Thursday, August 22, 2013

Why you Might be Having Trouble Getting Over him


No closure- This may possibly be one of the biggest reasons why getting over him is not so easy to do. You might have been the one to break if off with him. But if you felt as if you weren't given the opportunity to express how you felt, it can leave you feeling a bit cheated. Closure is especially important to women, maybe because we analyze everything. A part of being grown up and mature about a break up or separation, whatever kind it may be, is for each party to give the other the opportunity to put everything out on the table and discuss what each person is feeling. The key is to always be honest and to remember that he won't be your last love. I know sometimes we think because we were so in love with that person, that you can't have that again or something even better, you will be loved again and you will love again. You and your ex didn't work out for a reason, maybe it's because something better is out there for you.

The memories- It's hard to get someone out of your head who you cared about, but sitting around and thinking about them 24/7 will not help you to get over them. I know it's hard to shut your mind off, But you have control over your thoughts. Clear your mind, though it's not the worst thing to think about some of the good memories that you once shared, you have to learn to not dwell on them. Picturing him showing up at your door, or calling you and confessing his undying love for you will only keep you in a funk when it doesn't happen. If you know it's over, close the chapter and place it behind you.

Rejecting potential dates- Having a rebound relationship is not the best idea, you know when you are ready to get up and start dating again.
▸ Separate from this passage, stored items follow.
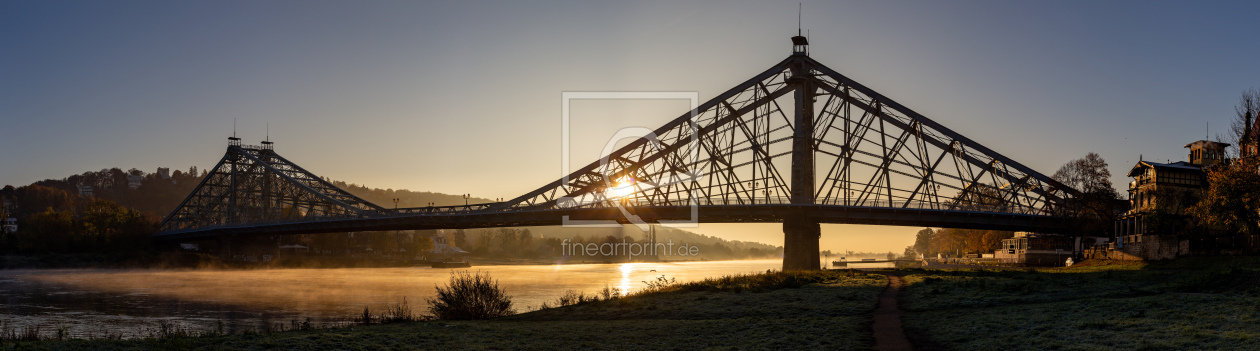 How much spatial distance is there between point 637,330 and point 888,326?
9.47 metres

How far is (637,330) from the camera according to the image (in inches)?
1278

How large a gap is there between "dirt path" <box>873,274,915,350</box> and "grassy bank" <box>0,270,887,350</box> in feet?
1.63

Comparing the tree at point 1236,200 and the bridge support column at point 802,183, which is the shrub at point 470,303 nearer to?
the bridge support column at point 802,183

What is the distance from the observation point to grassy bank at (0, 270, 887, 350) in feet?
84.1

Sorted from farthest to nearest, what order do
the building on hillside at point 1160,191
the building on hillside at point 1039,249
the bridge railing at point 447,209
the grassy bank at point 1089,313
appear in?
1. the bridge railing at point 447,209
2. the building on hillside at point 1039,249
3. the building on hillside at point 1160,191
4. the grassy bank at point 1089,313

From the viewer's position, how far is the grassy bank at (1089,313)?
2519 cm

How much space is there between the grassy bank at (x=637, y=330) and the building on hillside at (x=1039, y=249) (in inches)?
2428

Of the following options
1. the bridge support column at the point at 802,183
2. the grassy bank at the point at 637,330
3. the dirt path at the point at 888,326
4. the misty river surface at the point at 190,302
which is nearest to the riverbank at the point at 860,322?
the grassy bank at the point at 637,330

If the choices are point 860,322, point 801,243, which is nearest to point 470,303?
point 860,322

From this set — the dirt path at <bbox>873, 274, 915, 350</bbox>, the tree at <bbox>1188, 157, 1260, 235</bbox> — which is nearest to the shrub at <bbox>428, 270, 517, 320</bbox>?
the dirt path at <bbox>873, 274, 915, 350</bbox>

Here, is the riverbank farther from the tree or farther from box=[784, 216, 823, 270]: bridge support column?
box=[784, 216, 823, 270]: bridge support column

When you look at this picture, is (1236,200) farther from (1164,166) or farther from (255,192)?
(255,192)

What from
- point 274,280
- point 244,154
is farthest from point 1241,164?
point 244,154

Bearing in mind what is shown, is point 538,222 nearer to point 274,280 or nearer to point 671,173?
point 671,173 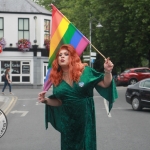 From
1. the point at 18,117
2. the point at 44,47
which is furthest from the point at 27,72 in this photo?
the point at 18,117

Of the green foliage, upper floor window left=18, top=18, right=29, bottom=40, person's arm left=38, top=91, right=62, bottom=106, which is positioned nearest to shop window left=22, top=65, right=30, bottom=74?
upper floor window left=18, top=18, right=29, bottom=40

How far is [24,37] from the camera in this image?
1978 inches

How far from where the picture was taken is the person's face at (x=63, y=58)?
645 cm

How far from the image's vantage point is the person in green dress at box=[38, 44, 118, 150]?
632 centimetres

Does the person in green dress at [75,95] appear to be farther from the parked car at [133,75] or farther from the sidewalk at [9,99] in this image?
the parked car at [133,75]

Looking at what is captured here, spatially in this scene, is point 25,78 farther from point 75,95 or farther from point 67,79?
point 75,95

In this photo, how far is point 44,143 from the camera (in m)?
12.2

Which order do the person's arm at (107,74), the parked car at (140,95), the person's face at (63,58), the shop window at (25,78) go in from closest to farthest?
the person's arm at (107,74) < the person's face at (63,58) < the parked car at (140,95) < the shop window at (25,78)

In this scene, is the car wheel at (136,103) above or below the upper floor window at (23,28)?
below

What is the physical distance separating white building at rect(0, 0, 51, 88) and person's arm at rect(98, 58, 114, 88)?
43638 mm

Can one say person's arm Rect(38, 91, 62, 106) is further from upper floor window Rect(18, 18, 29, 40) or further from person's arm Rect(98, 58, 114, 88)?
upper floor window Rect(18, 18, 29, 40)

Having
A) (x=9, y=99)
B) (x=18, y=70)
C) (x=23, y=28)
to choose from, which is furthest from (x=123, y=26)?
(x=9, y=99)

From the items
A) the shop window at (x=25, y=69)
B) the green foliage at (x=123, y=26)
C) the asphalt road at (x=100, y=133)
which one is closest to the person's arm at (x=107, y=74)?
the asphalt road at (x=100, y=133)

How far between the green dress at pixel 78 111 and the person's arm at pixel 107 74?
63 mm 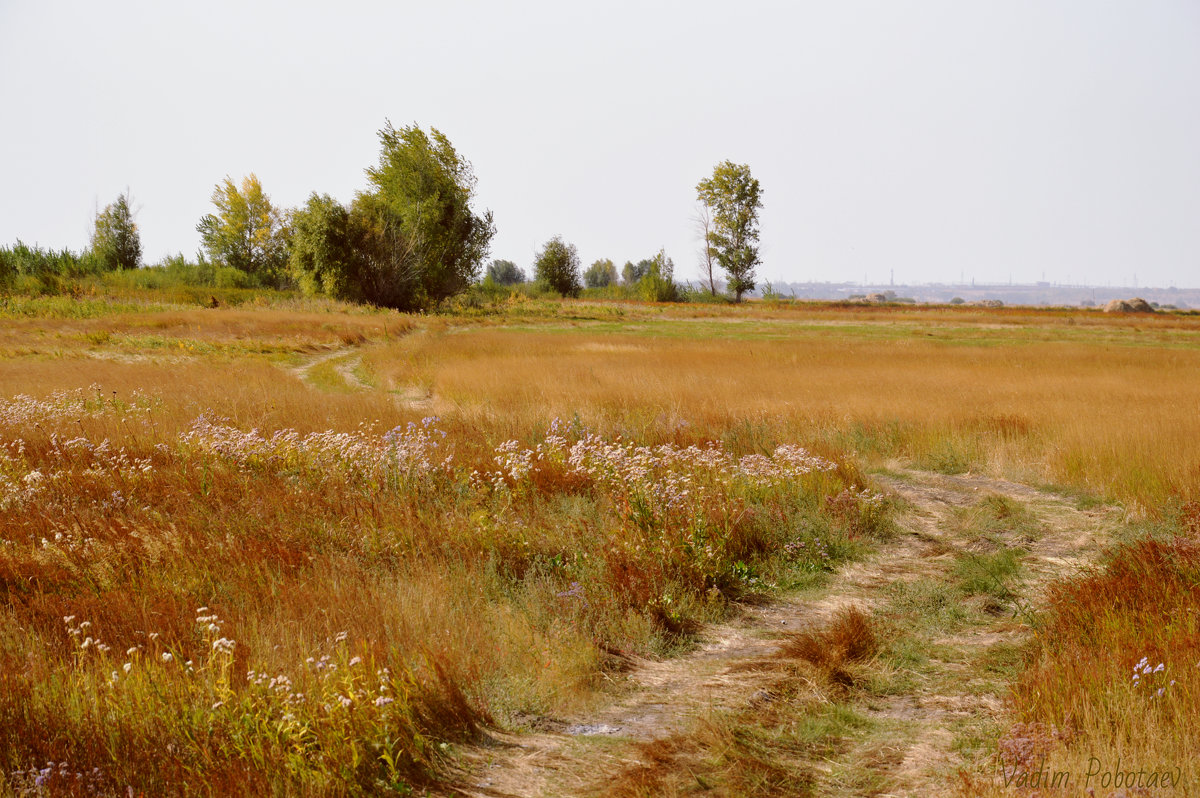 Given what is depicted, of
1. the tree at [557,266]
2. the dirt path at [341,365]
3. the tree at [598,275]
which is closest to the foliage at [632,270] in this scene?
the tree at [598,275]

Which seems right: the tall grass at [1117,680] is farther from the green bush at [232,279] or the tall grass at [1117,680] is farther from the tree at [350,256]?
the green bush at [232,279]

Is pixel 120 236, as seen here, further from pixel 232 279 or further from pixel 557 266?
pixel 557 266

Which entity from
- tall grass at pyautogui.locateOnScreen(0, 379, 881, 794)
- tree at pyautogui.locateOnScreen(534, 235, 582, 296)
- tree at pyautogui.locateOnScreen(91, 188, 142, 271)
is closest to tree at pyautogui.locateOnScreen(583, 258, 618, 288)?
tree at pyautogui.locateOnScreen(534, 235, 582, 296)

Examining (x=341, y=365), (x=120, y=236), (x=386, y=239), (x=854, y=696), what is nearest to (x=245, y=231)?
(x=120, y=236)

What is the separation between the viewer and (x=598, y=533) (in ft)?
24.3

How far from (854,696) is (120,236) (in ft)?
255

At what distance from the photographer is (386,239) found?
170 feet

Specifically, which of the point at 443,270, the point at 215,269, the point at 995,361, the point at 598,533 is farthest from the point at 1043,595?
the point at 215,269

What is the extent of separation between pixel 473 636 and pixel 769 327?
1729 inches

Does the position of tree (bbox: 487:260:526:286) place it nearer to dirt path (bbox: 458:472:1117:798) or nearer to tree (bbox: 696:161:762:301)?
tree (bbox: 696:161:762:301)

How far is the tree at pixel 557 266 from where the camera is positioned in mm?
88500

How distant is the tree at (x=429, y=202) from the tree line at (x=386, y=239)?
8cm

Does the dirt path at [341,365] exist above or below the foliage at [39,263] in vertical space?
below

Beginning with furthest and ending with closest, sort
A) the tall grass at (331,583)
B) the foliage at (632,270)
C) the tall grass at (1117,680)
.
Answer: the foliage at (632,270) < the tall grass at (331,583) < the tall grass at (1117,680) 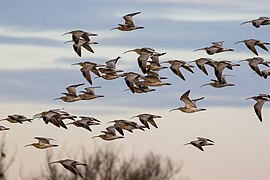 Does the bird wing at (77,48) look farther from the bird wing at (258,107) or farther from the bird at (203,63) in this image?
the bird wing at (258,107)

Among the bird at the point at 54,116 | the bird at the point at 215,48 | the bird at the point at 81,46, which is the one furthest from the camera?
the bird at the point at 215,48

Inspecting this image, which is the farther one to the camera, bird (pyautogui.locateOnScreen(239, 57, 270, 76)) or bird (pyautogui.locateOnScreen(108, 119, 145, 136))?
bird (pyautogui.locateOnScreen(108, 119, 145, 136))

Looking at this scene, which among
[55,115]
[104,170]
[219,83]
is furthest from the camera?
[104,170]

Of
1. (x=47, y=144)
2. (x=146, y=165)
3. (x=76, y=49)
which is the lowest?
(x=146, y=165)

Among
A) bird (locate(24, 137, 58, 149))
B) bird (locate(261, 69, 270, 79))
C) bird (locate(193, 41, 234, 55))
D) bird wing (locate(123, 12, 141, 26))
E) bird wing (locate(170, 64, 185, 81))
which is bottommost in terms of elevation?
bird (locate(24, 137, 58, 149))

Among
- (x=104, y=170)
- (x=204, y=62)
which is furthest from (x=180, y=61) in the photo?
(x=104, y=170)

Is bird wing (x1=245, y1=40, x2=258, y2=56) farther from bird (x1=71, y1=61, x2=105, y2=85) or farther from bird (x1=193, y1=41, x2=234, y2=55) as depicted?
bird (x1=71, y1=61, x2=105, y2=85)

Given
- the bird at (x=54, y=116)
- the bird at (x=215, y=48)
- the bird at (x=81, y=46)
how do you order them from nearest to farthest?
1. the bird at (x=54, y=116)
2. the bird at (x=81, y=46)
3. the bird at (x=215, y=48)

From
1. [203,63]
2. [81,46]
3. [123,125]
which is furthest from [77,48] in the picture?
[203,63]

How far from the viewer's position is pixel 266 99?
35281 millimetres

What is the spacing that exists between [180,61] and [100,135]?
2803mm

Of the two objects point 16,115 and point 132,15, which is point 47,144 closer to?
point 16,115

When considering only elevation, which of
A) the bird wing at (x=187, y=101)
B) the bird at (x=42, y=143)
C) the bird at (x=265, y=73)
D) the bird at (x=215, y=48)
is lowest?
the bird at (x=42, y=143)

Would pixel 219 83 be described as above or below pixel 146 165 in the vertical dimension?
above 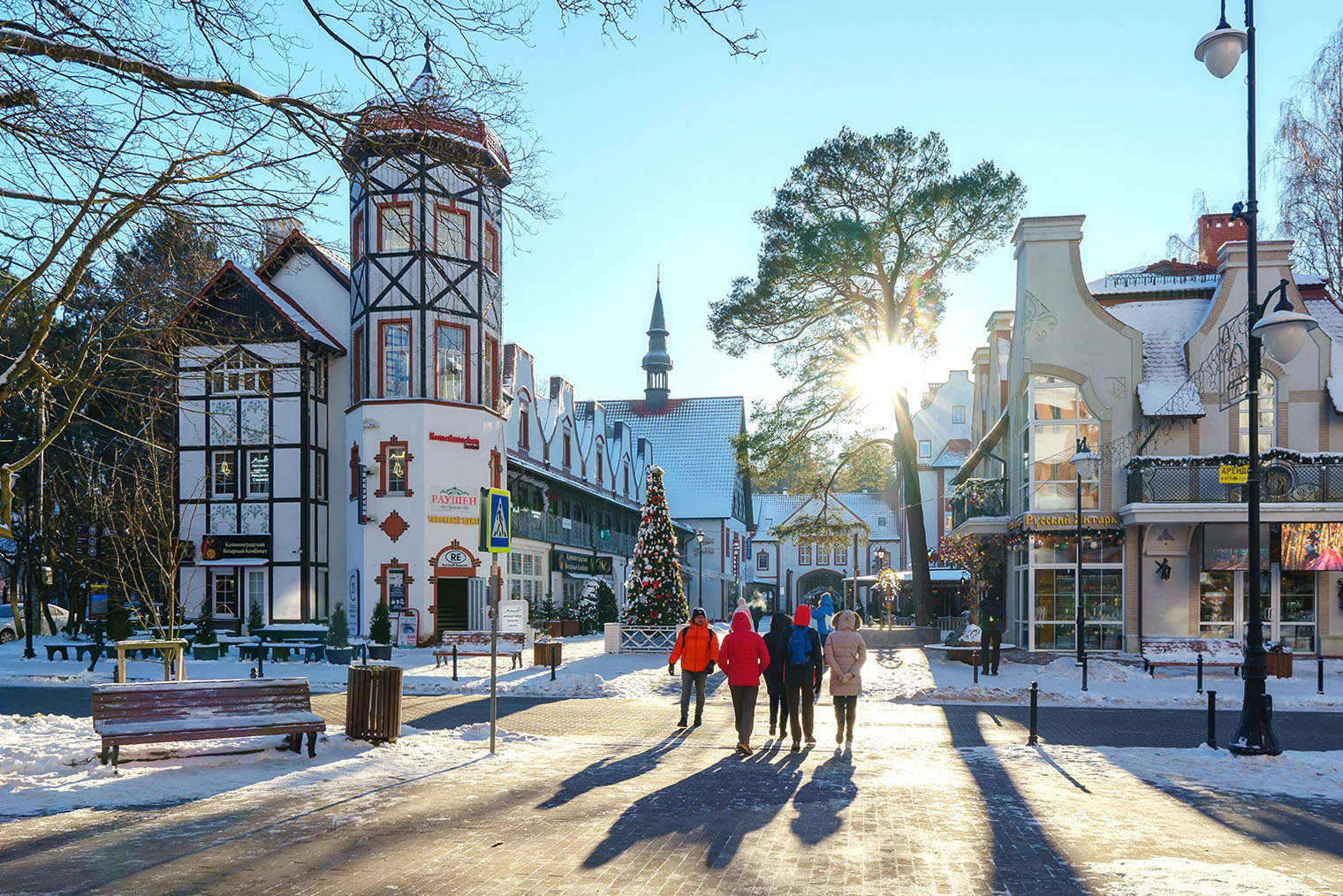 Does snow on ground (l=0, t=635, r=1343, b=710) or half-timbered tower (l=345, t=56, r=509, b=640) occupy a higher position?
half-timbered tower (l=345, t=56, r=509, b=640)

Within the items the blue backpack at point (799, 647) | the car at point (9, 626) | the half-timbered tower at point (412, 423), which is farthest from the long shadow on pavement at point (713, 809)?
the car at point (9, 626)

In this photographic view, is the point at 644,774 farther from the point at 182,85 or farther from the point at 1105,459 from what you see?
the point at 1105,459

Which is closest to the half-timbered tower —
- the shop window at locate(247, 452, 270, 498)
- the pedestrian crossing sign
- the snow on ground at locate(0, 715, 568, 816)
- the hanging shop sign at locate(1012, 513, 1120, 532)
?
the shop window at locate(247, 452, 270, 498)

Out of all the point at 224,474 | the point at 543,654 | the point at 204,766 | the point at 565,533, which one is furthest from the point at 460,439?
the point at 204,766

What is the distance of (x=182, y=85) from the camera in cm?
827

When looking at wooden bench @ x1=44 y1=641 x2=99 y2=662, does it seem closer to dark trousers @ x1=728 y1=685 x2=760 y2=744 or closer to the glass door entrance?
dark trousers @ x1=728 y1=685 x2=760 y2=744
Don't reject other men that could really be interested in you though. If the grieving period is longer than the actual relationship, something is wrong and you need to evaluate your issues. Take the time to get back up on your feet and give that guy a chance when the time is right. Don't date just as a pass time, do it beacuse you're ready to.

Keeping  yourself in a rut- The slobbing around the house, ignoring your friends calls and pleas to go out, months after you've broken up, will get you knowhere. You have to get out and find activities to do, keep yourself busy. Make new friends, hang out with your old friends. Find new and interesting things, do the things you loved, but neglected when you were with your ex. Get out and live your life. Listening to Adele's someone like you, will only make you think about him, listen to cheerful music, music that makes you wanna get up and dance and forget about your problems for a while.

Holding on to his stuff-  It can be hard letting go of his stuff that once held sentimental value and more than likely still do, but there comes a point when we have to let go. Sometimes we have to just delete the text messages, erase the numbers and move on. You need to get rid of his stuff, let go of the things that keep you tied to him. A part of moving on is letting go.

Talking about him- Constantly talking about him, I know it's hard to control, but you know when you're not completely over someone is when you constantly talk about them. It's a hard pill to swallow, because we so often try to convince ourselves and everyone around us that we're over it and he doesn't phase you anymore, but deep down you know he still does. The mind is a powerful thing, but you have to learn how to control it, you can't let it control you. We don't realize how much power we have in the ability to restrain ourselves from doing something we want not to do.